Congress built in some statutory protections for the prisoners when it created the war court in response to the Sept. 11 attacks. For example, it forbids the use of self-incriminating confessions gained through cruel and inhuman punishment, such as torture.

But it does permit prosecutors to use what another prisoner said against a defendant gained through coercion — an exception defense lawyers have challenged as violating the constitutional right to due process. Defense lawyers have argued for years that the military judges should also apply other constitutional protections, such as Miranda rights and access to lawyers before the prisoners were charged.

The appeals court decision means the Guantánamo judges may not see themselves as obliged to consider those rights through a constitutional lens.

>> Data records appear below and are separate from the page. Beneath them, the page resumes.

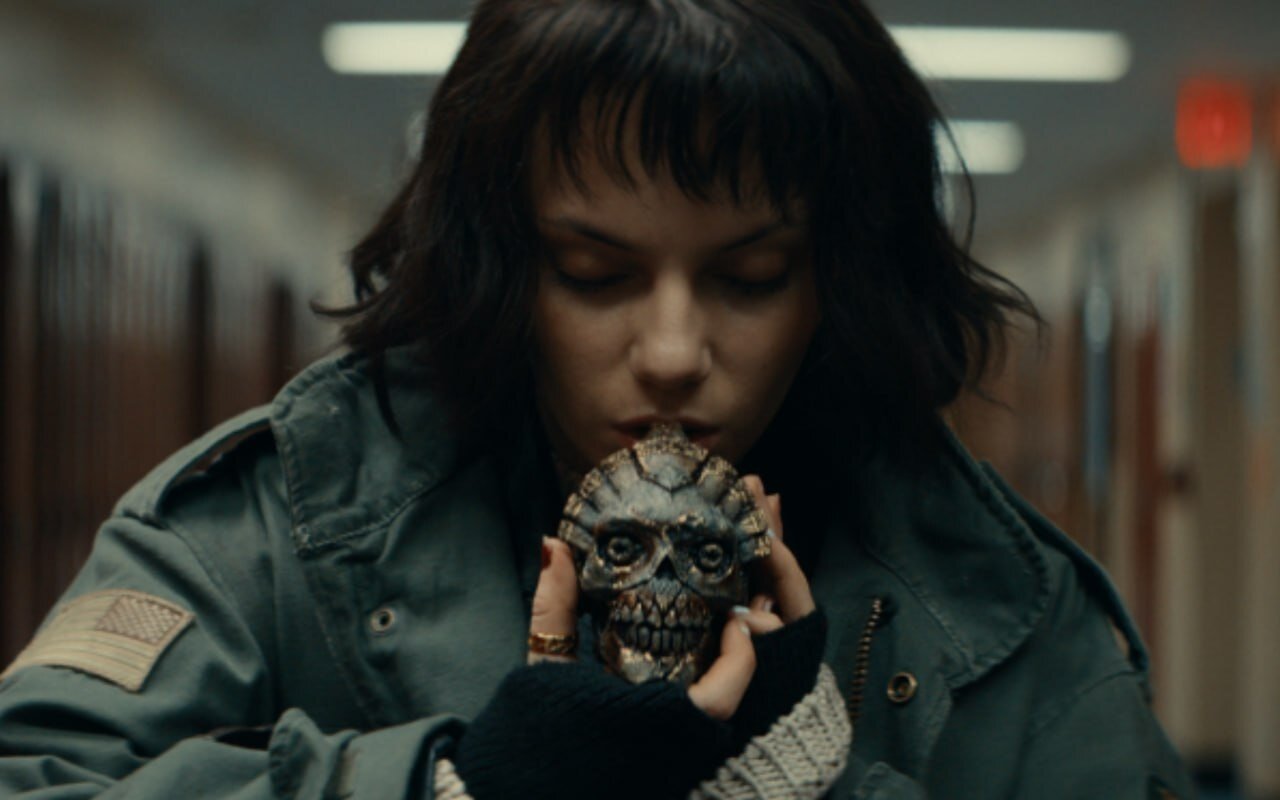 Смотреть Свист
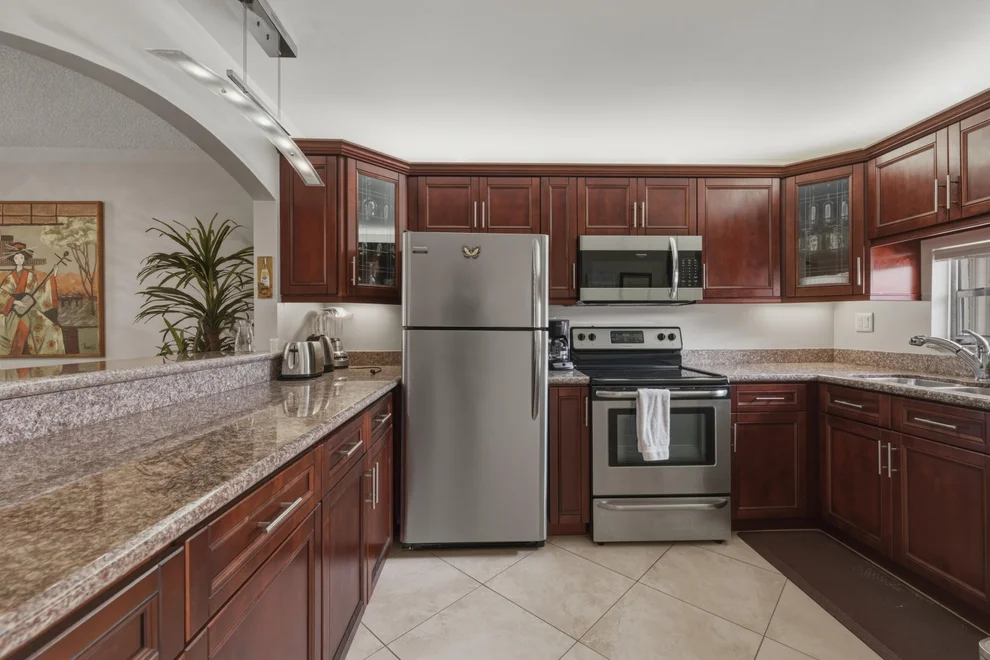 Unit for sale at 811 S Hollybrook Drive, Pembroke Pines, FL 33025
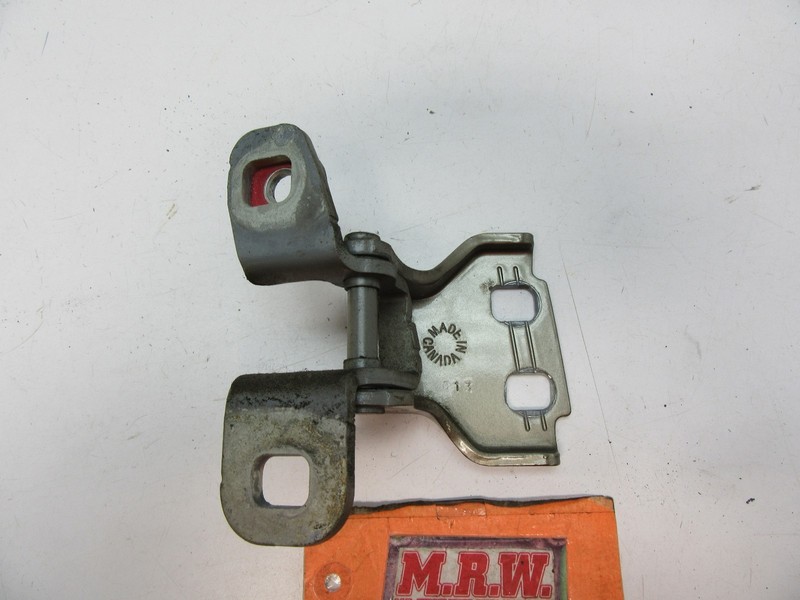 DOOR HINGE RIGHT REAR UPPER TOP PASSENGER SIDE RR RH R for 06-10 JEEP COMMANDER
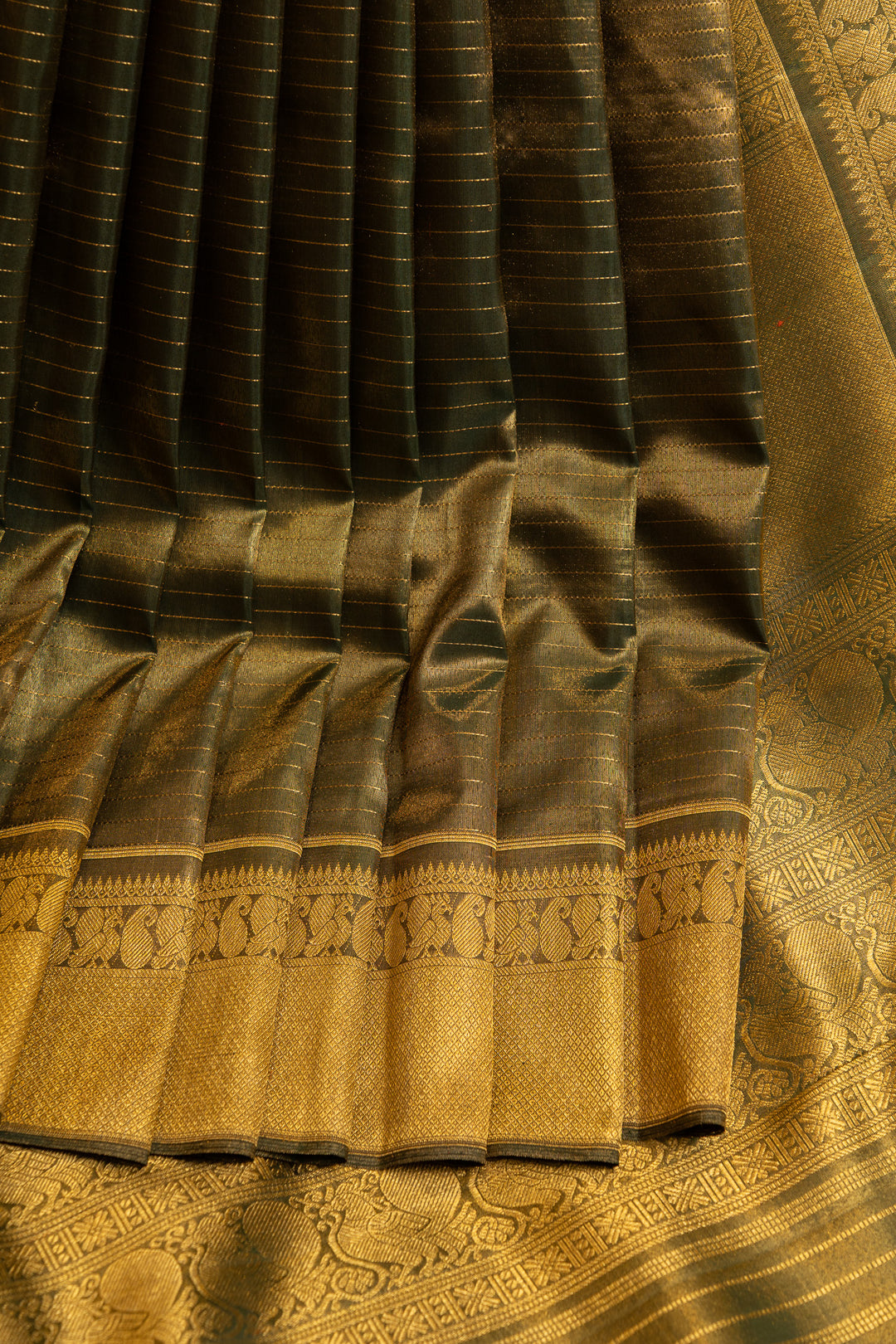 Green vintage tissue pure Kanchipuram silk saree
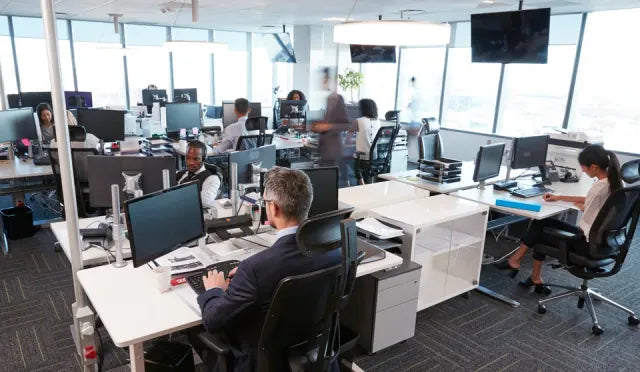 Espace de bureaux partagé avec postes de travail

Will that expedite the trials at Gitmo? Read all of the Examiner report from Jerry Dunleavy, but that doesn’t seem likely. If anything, it might prompt further motions to delay the proceedings while defense attorneys attempt to appeal this decision and to restructure their defenses around it. There is already another motion to postpone for thirty months on the table, thanks to a change of counsel for al-Shibh — and that clock would only start after the pandemic protocols get lifted.

It’s far past time for this circus to come to an end. This should have been handled by military commissions in the first place. It’s not too late to get Congress to act to return this process back to sanity, and to finally finish the process of dealing justice to the worst monsters of al-Qaeda.